Non-repetitive random number in numpy

How can I generate non-repetitive random numbers in numpy?

list = np.random.random_integers(20,size=(10))

numpy.random.Generator.choice offers a replace argument to sample without replacement:

from numpy.random import default_rng

rng = default_rng()
numbers = rng.choice(20, size=10, replace=False)

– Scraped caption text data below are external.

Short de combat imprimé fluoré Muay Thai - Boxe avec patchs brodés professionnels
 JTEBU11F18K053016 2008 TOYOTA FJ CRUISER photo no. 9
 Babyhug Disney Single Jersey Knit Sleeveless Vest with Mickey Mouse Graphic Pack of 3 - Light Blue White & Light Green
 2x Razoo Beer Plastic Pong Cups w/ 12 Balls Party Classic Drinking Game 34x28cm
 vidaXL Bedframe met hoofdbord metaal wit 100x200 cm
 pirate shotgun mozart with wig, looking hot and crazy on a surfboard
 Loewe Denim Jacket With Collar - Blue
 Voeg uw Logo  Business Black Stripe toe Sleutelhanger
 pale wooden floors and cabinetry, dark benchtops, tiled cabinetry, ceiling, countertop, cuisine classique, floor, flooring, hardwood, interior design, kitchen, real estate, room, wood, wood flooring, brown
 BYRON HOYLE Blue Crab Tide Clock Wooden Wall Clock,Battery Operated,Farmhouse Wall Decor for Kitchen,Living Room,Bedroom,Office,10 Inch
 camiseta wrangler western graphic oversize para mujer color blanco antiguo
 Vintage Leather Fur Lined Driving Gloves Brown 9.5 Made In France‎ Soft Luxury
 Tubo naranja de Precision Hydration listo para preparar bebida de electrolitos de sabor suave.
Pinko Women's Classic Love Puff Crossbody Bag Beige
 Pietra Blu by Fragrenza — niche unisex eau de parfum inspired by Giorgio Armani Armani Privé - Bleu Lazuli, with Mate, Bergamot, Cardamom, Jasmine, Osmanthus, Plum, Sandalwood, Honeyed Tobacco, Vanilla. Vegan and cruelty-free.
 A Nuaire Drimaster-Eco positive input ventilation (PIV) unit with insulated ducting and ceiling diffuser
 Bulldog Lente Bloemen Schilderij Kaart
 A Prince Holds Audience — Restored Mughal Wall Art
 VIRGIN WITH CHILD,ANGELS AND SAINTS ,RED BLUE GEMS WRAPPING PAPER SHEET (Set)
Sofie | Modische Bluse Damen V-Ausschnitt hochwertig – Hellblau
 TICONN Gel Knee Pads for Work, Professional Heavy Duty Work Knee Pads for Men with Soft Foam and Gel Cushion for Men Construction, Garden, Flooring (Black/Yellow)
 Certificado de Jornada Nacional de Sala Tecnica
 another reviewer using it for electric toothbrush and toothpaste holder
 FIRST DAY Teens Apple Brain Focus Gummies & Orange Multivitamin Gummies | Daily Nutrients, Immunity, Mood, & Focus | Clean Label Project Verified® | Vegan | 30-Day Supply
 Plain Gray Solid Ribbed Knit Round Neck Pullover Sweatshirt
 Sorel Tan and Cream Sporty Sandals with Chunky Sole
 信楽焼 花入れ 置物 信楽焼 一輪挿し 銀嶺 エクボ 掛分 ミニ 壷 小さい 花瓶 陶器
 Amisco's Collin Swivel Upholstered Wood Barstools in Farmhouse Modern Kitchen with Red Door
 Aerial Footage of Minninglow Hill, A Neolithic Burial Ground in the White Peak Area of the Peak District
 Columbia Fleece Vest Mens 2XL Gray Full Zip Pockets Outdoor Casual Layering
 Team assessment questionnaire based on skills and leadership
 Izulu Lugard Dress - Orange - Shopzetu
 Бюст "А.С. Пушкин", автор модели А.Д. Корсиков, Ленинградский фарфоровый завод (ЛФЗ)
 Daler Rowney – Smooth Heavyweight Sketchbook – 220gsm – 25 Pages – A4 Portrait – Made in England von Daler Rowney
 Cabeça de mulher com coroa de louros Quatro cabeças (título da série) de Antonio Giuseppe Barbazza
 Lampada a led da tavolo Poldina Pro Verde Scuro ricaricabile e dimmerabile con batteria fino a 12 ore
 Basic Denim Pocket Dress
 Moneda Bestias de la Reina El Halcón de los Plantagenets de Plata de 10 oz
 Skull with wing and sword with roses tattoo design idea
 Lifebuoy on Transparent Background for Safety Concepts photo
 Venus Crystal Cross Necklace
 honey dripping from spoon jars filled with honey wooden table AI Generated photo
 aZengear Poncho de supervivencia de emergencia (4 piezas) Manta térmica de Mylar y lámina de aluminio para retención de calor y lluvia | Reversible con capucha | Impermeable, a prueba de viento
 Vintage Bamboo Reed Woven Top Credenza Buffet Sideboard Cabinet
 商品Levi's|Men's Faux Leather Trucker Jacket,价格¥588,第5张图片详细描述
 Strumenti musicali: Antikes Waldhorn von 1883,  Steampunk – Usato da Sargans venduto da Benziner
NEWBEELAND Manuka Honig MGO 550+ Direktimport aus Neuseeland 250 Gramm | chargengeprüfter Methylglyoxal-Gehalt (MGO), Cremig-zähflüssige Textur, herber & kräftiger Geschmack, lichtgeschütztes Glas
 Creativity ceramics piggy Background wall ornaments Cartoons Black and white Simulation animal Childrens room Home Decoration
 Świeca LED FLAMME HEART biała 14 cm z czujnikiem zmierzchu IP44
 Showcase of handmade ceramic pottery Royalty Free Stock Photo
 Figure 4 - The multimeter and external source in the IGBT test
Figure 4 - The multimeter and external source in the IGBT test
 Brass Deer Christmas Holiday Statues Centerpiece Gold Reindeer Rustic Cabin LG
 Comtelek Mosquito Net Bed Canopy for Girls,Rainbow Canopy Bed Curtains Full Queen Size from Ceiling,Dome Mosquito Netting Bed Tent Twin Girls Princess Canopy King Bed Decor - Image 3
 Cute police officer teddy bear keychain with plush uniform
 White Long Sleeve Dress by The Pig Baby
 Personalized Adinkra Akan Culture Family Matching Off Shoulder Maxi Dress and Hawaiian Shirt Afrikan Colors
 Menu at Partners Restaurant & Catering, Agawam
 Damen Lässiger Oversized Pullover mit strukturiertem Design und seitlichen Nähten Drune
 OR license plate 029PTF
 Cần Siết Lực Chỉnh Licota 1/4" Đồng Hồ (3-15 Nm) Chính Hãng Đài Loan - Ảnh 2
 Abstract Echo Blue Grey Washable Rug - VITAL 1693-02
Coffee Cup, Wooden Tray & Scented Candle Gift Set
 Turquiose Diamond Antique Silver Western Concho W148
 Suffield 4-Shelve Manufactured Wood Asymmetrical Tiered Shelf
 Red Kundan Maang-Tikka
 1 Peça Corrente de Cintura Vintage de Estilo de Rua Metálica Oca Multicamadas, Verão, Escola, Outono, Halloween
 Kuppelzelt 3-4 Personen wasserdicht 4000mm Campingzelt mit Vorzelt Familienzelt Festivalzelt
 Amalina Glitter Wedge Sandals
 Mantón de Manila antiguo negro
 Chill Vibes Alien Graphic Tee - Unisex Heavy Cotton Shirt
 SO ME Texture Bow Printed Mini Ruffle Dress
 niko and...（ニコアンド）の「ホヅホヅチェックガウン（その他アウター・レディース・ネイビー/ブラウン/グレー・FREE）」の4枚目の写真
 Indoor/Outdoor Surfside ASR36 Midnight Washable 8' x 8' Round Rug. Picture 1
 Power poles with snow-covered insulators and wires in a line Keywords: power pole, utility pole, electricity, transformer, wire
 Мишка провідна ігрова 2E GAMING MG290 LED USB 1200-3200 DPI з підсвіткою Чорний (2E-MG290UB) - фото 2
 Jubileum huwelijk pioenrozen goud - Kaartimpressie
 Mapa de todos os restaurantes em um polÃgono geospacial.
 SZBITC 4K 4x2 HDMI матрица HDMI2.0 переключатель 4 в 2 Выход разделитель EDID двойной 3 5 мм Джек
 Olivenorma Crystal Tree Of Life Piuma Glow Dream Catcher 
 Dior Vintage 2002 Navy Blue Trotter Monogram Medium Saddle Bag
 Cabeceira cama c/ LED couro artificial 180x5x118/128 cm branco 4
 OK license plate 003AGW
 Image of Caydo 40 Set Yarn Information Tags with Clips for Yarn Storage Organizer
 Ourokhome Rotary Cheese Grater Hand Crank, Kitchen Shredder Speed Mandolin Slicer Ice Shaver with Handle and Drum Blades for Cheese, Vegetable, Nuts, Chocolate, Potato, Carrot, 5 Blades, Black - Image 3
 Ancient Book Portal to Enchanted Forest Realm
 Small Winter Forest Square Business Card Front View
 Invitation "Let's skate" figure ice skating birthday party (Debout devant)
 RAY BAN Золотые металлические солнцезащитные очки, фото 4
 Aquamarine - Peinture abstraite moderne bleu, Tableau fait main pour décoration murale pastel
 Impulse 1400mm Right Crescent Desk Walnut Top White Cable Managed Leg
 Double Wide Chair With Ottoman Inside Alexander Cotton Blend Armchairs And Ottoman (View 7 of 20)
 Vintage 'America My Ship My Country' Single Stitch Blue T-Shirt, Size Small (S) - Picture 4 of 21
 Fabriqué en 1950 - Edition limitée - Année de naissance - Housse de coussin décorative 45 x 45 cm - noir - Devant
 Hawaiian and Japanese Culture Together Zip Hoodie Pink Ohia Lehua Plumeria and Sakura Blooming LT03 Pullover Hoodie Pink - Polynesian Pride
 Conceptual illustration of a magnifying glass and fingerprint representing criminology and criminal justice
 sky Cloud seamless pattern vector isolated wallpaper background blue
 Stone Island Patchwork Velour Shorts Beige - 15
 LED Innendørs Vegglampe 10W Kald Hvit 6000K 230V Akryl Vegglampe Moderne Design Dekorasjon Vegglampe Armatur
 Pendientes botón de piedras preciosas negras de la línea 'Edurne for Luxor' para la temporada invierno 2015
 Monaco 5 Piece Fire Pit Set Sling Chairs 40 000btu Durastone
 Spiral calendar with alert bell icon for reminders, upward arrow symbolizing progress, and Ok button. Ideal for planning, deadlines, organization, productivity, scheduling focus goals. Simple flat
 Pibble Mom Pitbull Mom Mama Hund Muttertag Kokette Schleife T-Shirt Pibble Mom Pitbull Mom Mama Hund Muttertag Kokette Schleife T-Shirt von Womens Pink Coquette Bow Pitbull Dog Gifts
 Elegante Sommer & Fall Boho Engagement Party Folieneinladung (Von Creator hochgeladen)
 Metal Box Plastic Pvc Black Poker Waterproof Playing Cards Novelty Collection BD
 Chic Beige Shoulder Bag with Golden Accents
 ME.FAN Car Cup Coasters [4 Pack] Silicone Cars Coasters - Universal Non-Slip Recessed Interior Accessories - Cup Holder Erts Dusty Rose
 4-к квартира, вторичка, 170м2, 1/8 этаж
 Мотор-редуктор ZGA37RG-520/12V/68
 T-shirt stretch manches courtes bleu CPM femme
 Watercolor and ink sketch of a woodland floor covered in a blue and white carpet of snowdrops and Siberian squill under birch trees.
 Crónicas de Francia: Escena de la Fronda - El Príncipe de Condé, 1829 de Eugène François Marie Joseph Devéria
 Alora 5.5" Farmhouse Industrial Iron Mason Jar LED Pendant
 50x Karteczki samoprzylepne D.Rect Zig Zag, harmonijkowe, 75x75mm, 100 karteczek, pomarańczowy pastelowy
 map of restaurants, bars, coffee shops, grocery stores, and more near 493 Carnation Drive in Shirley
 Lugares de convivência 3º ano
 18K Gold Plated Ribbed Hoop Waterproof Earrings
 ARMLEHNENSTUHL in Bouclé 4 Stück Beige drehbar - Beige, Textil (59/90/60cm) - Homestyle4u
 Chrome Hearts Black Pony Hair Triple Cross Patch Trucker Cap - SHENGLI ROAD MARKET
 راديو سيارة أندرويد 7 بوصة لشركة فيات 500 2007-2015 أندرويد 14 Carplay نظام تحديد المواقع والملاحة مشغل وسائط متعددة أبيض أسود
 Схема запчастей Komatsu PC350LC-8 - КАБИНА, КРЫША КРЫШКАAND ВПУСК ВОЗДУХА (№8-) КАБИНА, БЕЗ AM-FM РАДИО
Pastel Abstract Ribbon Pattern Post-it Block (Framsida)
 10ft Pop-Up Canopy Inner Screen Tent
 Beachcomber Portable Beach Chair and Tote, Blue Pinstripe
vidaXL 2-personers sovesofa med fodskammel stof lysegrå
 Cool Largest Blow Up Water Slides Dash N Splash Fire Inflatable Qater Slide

If you're on a pre-1.17 NumPy, without the Generator API, you can use random.sample() from the standard library:

print(random.sample(range(20), 10))

You can also use numpy.random.shuffle() and slicing, but this will be less efficient:

a = numpy.arange(20)
numpy.random.shuffle(a)
print a[:10]

There's also a replace argument in the legacy numpy.random.choice function, but this argument was implemented inefficiently and then left inefficient due to random number stream stability guarantees, so its use isn't recommended. (It basically does the shuffle-and-slice thing internally.)

Some timings:

import timeit
print("when output size/k is large, np.random.default_rng().choice() is far far quicker, even when including time taken to create np.random.default_rng()")
print(1, timeit.timeit("rng.choice(a=10**5, size=10**4, replace=False, shuffle=False)", setup="import numpy as np; rng=np.random.default_rng()", number=10**3)) #0.16003450006246567
print(2, timeit.timeit("np.random.default_rng().choice(a=10**5, size=10**4, replace=False, shuffle=False)", setup="import numpy as np", number=10**3)) #0.19915290002245456

print(3, timeit.timeit("random.sample( population=range(10**5), k=10**4)", setup="import random", number=10**3))   #5.115292700007558

print("when output size/k is very small, random.sample() is quicker")
print(4, timeit.timeit("rng.choice(a=10**5, size=10**1, replace=False, shuffle=False)", setup="import numpy as np; rng=np.random.default_rng()", number=10**3))  #0.01609779999125749
print(5, timeit.timeit("random.sample( population=range(10**5), k=10**1)", setup="import random", number=10**3))  #0.008387799956835806

So numpy.random.Generator.choice is what you usually want to go for, except for very small output size/k.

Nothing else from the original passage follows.